[Try it]:
Take the lines from the one with "[西沛生鲜]陕西青椒 净重4.5斤 青辣椒辣椒新鲜现摘鲜辣椒薄皮青椒线椒虎皮椒中辣" through the last line of the material below and write them out exactly, without any pictures.
================
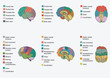 Human brain anatomy, function area, mind system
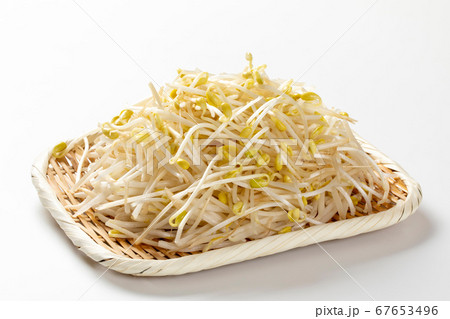 もやし もやし 67653496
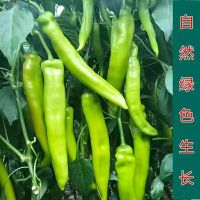 [西沛生鲜]陕西青椒 净重4.5斤 青辣椒辣椒新鲜现摘鲜辣椒薄皮青椒线椒虎皮椒中辣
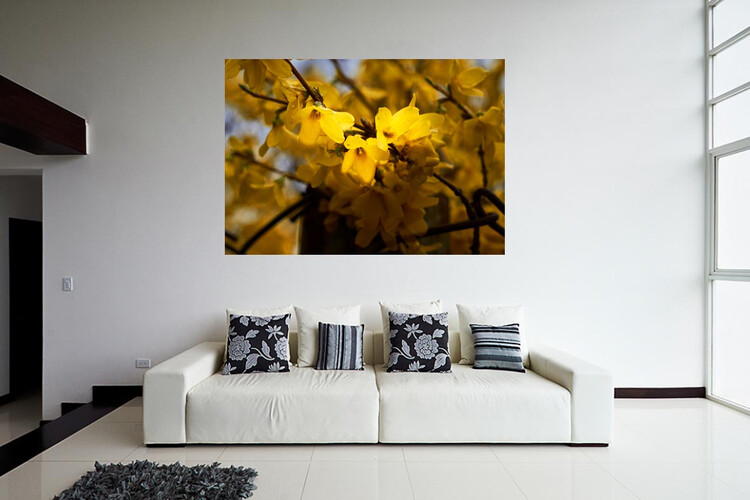 Πίνακες σε φωτογραφία ή σε καμβά με θέμα τα λουλούδια #0018 από το Print-Photos-Online.com!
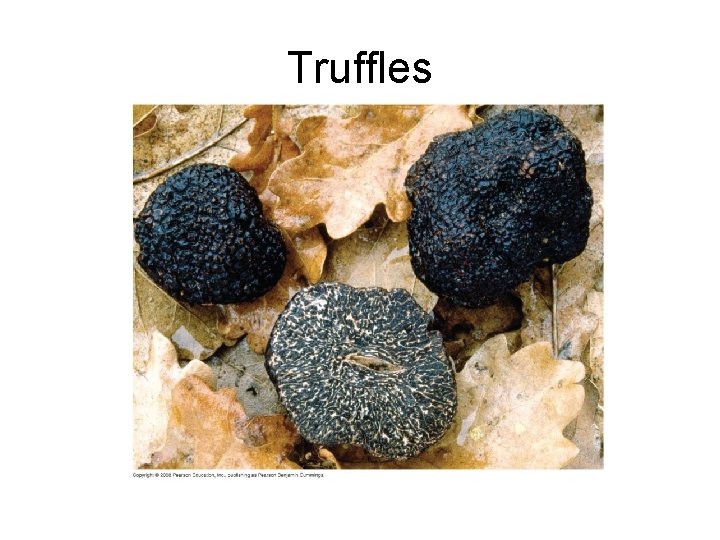 Truffles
================
[Solution for this task]:
 [西沛生鲜]陕西青椒 净重4.5斤 青辣椒辣椒新鲜现摘鲜辣椒薄皮青椒线椒虎皮椒中辣
 Πίνακες σε φωτογραφία ή σε καμβά με θέμα τα λουλούδια #0018 από το Print-Photos-Online.com!
 Truffles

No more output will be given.